The problem with query letters, is that they are way too transparent. An agent can look straight through your query letter into the inner workings of your novel and see everything wrong with it. Don’t believe me? Check out this interesting experiment by Nathan Bransford. He gave his readers the chance to sort through their own mini slush pile. The result? You write about as good in your query letter as you do in your novel. Really.
Yeah, I clapped my hands over my ears and ran screaming in the other direction too. Then I did what every other writer should do. I came back and tried to see how I could use this to my advantage. That’s how I found out you can use your own query letter to find flaws in your book, without using a critique circle!

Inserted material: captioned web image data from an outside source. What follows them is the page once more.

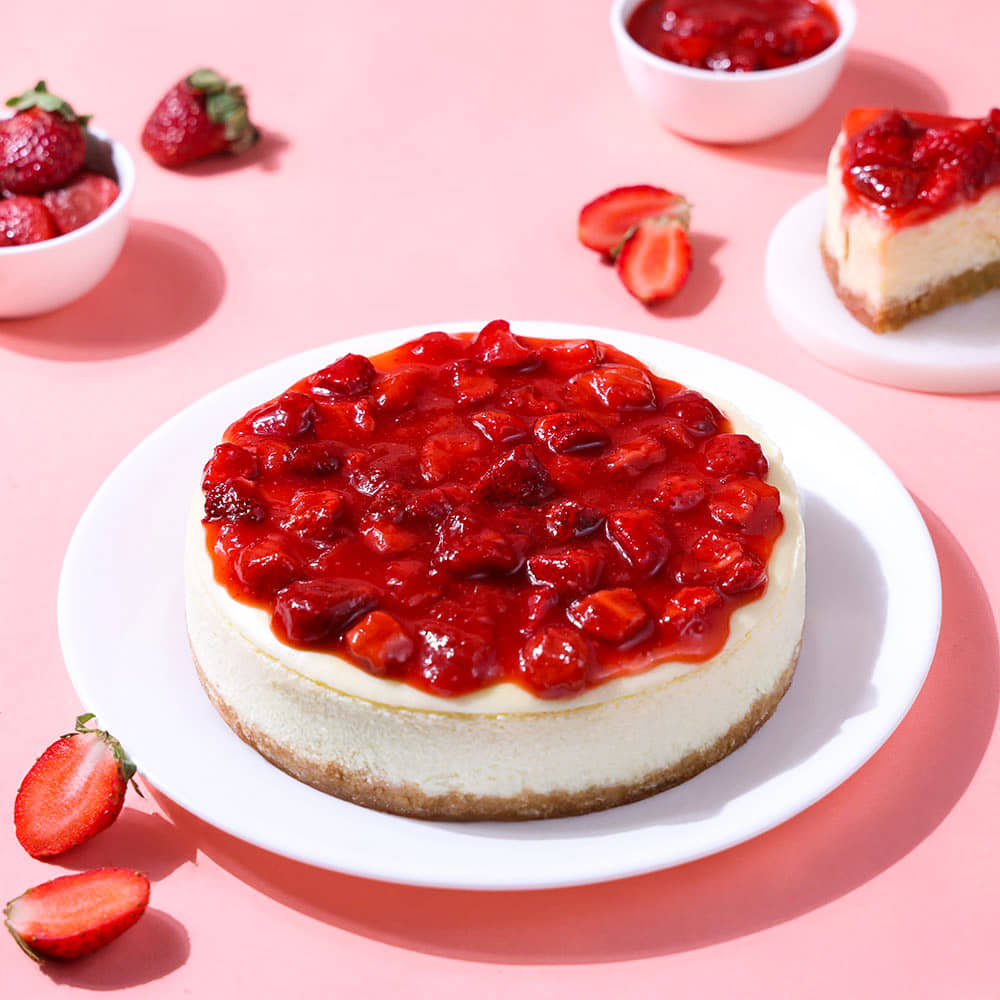 Strawberry Baked Cheesecake Strawberry Cheesecake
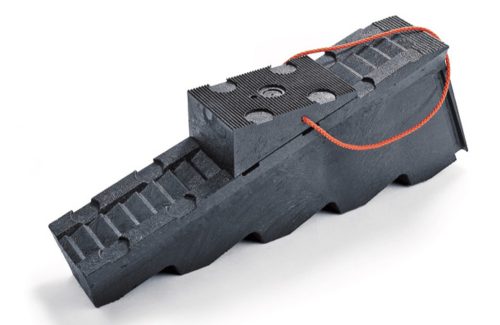 Système de soutien pour escalier avec cale de LUKAS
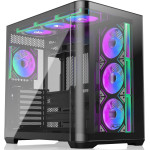 Raijintek Case EATX - ATREUS BT7 Black - 7 x 120 mm Infinity Mirror ARGB Fans included - (0R20B00258)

(Disclaimer: You should still use a critique circle for optimum error protection. Don’t have one? Now you do.)
To do this, simply go through every chapter in your book, and write down each major action that happens. Don’t explain why it happens. Don’t try to make it sound good. Don’t do anything but note what your character does. I started listing these actions in a summery I wrote of my novel. You can read it here:
Elizabeth Brooke is angry because her mother is keeping a secret from her. A secret that forces her to move out of the main house and allow complete strangers to take over. Jerks.
A little investigating into the situation, and Elizabeth finds out her mother’s secret. The family they have taken under their wing claim to be unicorns hiding in human form from unicorn hunters, whom they refer to as the Lion Team.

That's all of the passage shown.